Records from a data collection

===============

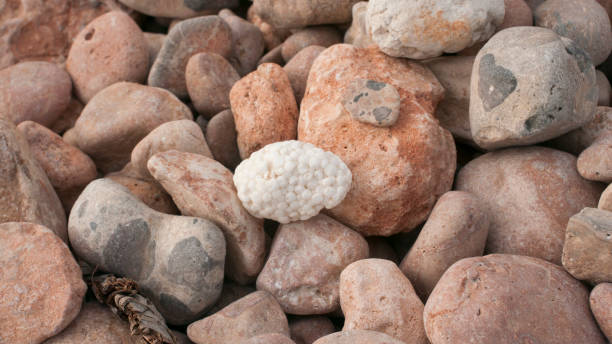 istock Plastic foam and pebbles in a beach 1438340985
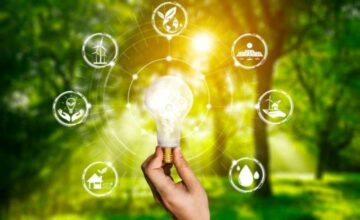 Énergies renouvelables : la start-up Greensleet signe avec l'espagnol Mercados Aries International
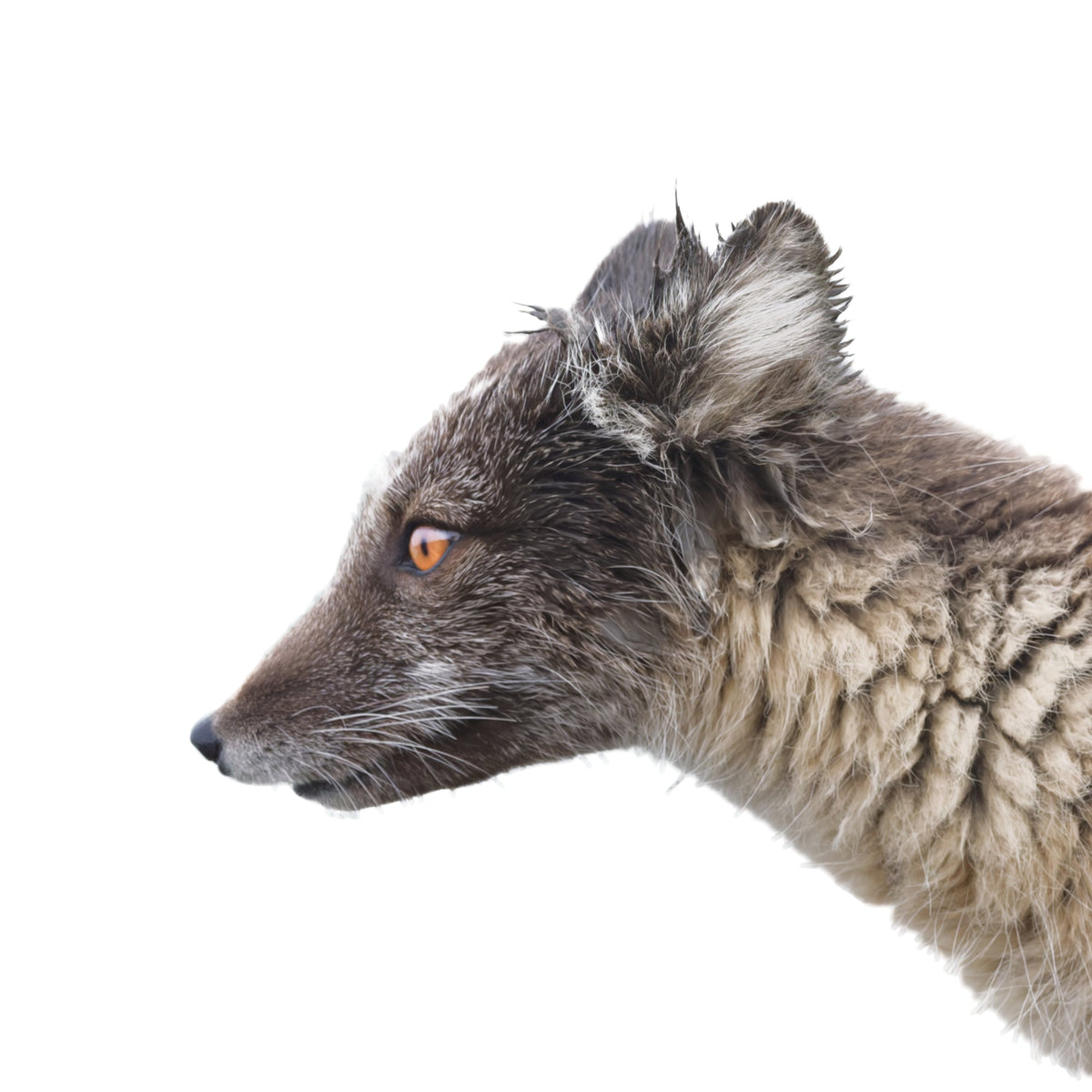 Arctic Fox Brown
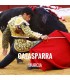 Bullfight ticket Calasparra – Feria del Arroz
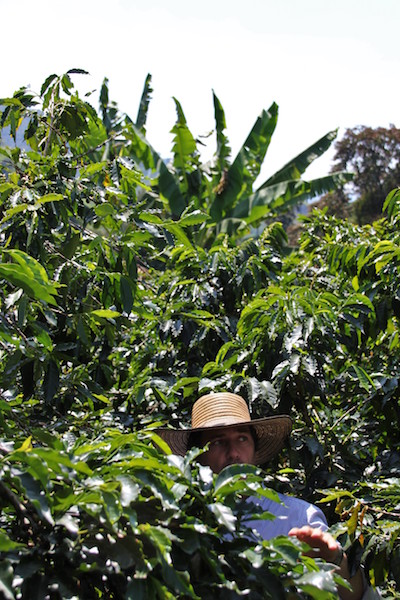Colombian Highlights - Coffee Region - Coffee Plants.JPG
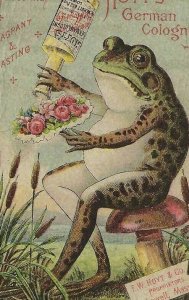 AB-015 MA Lowell Hoyt's German Cologne Frog on Mushroom Victorian Trade Card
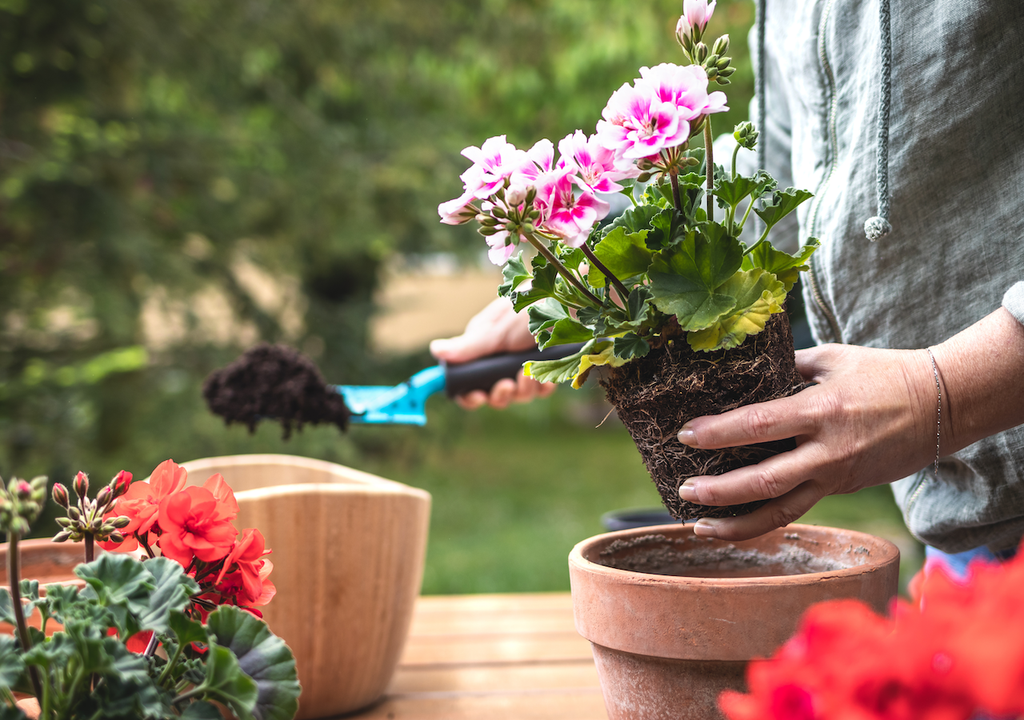Geranien, Blüten, Balkon, Terrasse Beim Einpflanzen von Geranien im Frühjahr: Die robusten Klassiker gedeihen auch im Topf zuverlässig und sorgen mit wenig Pflege für langanhaltende Blüten auf Balkon und Terrasse.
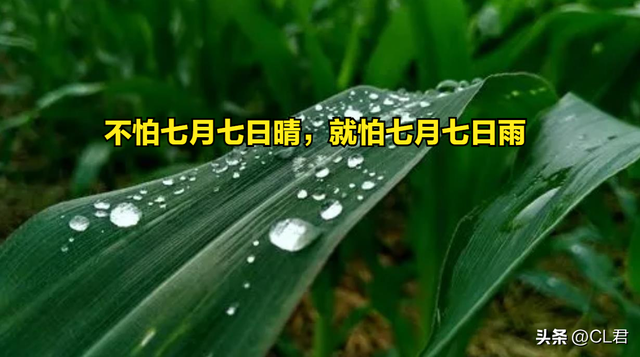 “不怕七月七日晴，就怕七月七日雨”，今日七月初七，有何说法？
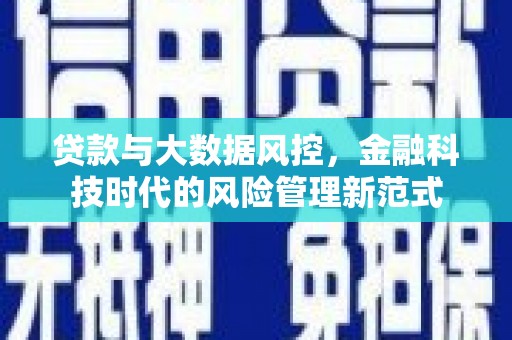 凤山贷款与大数据风控，金融科技时代的风险管理新范式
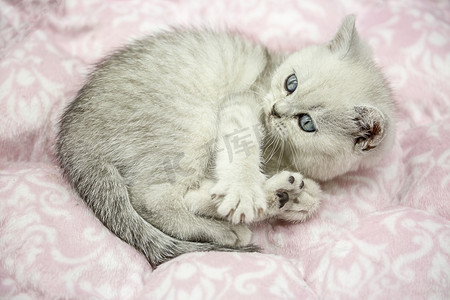 耳朵睡垫猫摄影图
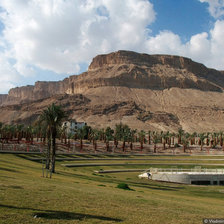 Схема вышивки «природа»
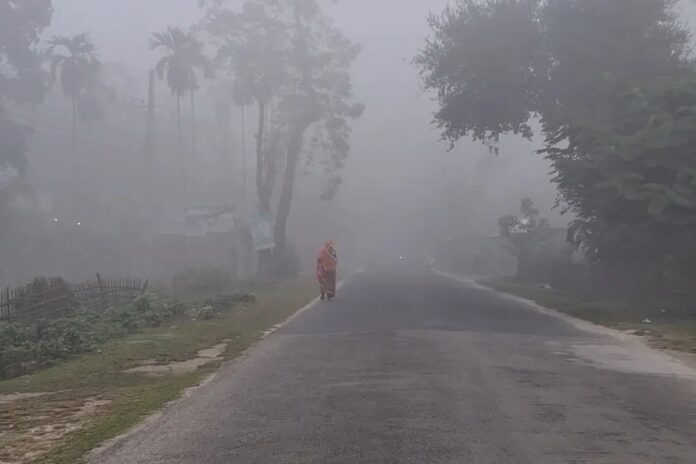 শীতের তীব্রতা বেড়েছে তেঁতুলিয়ায়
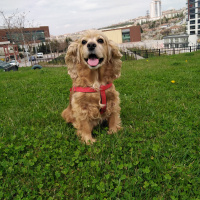 Amerikan Cocker Spaniel, Köpek  Fıstık fotoğrafı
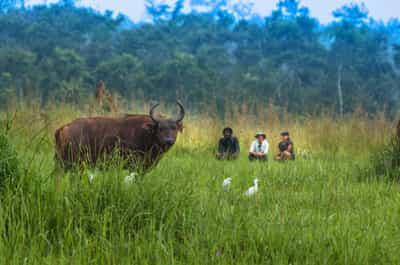 Search for wildlife on a bai walk in Odzala-Kokoua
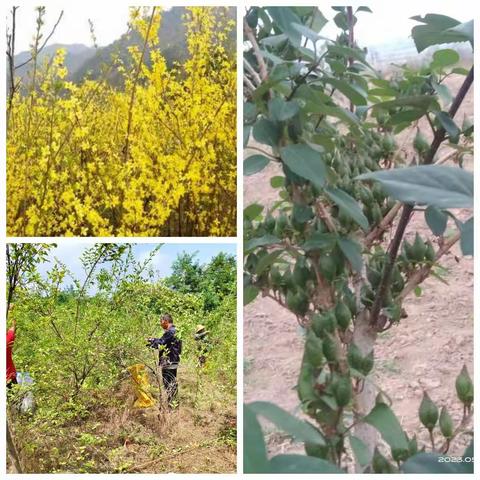 张家塬镇南湾岭村喜迎乡村振兴项目连翘采摘大丰收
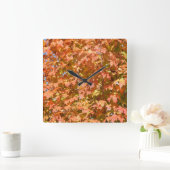 De Bladeren van de herfst op een Landschap van de Vierkante Klok (Huis)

===============

- Work required -
Repeat the data word for word, minus any pictures.

- Exercise response -
 istock Plastic foam and pebbles in a beach 1438340985
 Énergies renouvelables : la start-up Greensleet signe avec l'espagnol Mercados Aries International
 Arctic Fox Brown
 Bullfight ticket Calasparra – Feria del Arroz
Colombian Highlights - Coffee Region - Coffee Plants.JPG
 AB-015 MA Lowell Hoyt's German Cologne Frog on Mushroom Victorian Trade Card
Geranien, Blüten, Balkon, Terrasse Beim Einpflanzen von Geranien im Frühjahr: Die robusten Klassiker gedeihen auch im Topf zuverlässig und sorgen mit wenig Pflege für langanhaltende Blüten auf Balkon und Terrasse.
 “不怕七月七日晴，就怕七月七日雨”，今日七月初七，有何说法？
 凤山贷款与大数据风控，金融科技时代的风险管理新范式
 耳朵睡垫猫摄影图
 Схема вышивки «природа»
 শীতের তীব্রতা বেড়েছে তেঁতুলিয়ায়
 Amerikan Cocker Spaniel, Köpek  Fıstık fotoğrafı
 Search for wildlife on a bai walk in Odzala-Kokoua
 张家塬镇南湾岭村喜迎乡村振兴项目连翘采摘大丰收
 De Bladeren van de herfst op een Landschap van de Vierkante Klok (Huis)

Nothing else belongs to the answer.